SV Eberfing - Ohlstadt II/Grafenschau 1:0

Beim SV Eberfing läuft es zur Zeit wie geschmiert: Mit mit dem vierten Sieg in Folge erkämpfen sich die Mannen von Anton Geiger Tabellenplatz zwei. In einer laut Geiger schlechten ersten Halbzeit war das Spiel vor allem von Fehlpässen geprägt. Beide Teams schafften es nicht, den Ball über mehrere Stationen in den eigenen Reihen zu halten. Obwohl sich der Gegner überwiegend aufs Verteidigen beschränkte, kamen die Hausherren zum mehreren Chancen, Zählbares sprang dabei nicht heraus. „Nach der Pause hatten wir dann mehr Zug zum Tor, doch wir haben es nicht gut zu Ende gespielt“, bemängelte Geiger. Daher blieben zahlreiche Chancen ungenutzt. Letztendlich dauerte es bis zur 83. Minute, ehe Martin Plonner die Eberfinger erlöste und den 1:0-Siegtreffer erzielte. „Der Sieg geht aufgrund des Chanchenplus’ in Ordnung. Dennoch war es einfach ein schlechtes Spiel“, haderte Geiger.   

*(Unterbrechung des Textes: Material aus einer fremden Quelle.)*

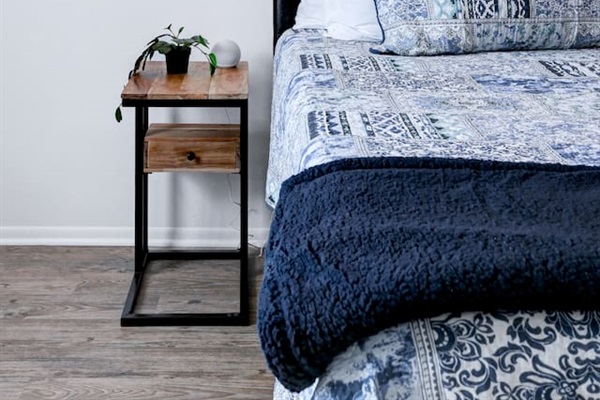 Master Bedroom with King Bed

ASV Antdorf II - SpFrd Bichl 1:3

Für die ASV-Reserve läuft es zur Zeit einfach nicht, gegen die Sportfreunde aus Bichl handelte sie sich die sechste Niederlage in Folge ein. Gegen den favorisierten Tabellenführer gelang es den Antdorfern zunächst, kompakt zu stehen und nahezu keine Chancen des Gegners zuzulassen, Sinnbildlich für die ASV-Misere: Kurz vor der Pause traf Bichl durch einen Freistoß zum 1:0-Pausenstand. „Der war aus meiner Sicht nicht zu verteidigen“, so ASV-Trainer Tobias Zerluth. „Nach der Pause hatten wir dann Glück“, so Zerluth, denn Bichl vergab die Chance zum 2:0. Auf der anderen seite machten es die Antdorfer besser: Ebenfalls mit einem Freistoß gelang Marco Wolf das 1:1. Im weiteren Verlauf stand der ASV weiter kompakt in der Defensive, doch ein weiterer direkt verwandelter Freistoß bescherte den Gästen die erneute Führung. „Danach haben wir umgestellt auf Dreierkette und mehr Druck gemacht“, so Zerluth. Umso bitterer für den ASV: Statt den Ausgleich zu erzielen, erhöhte Bichl nach einem Torwartfehler auf 3:1. In der Schlussphase kam es zur Rudelbildung, die Folge war die gelb-rote Karte für Uesame Yerli. Für Zerluth war es eine unglückliche Niederlage: „Obwohl Bichl spielstärker war, wäre ein Unentschieden gerecht gewesen.“, so der ASV-Coach.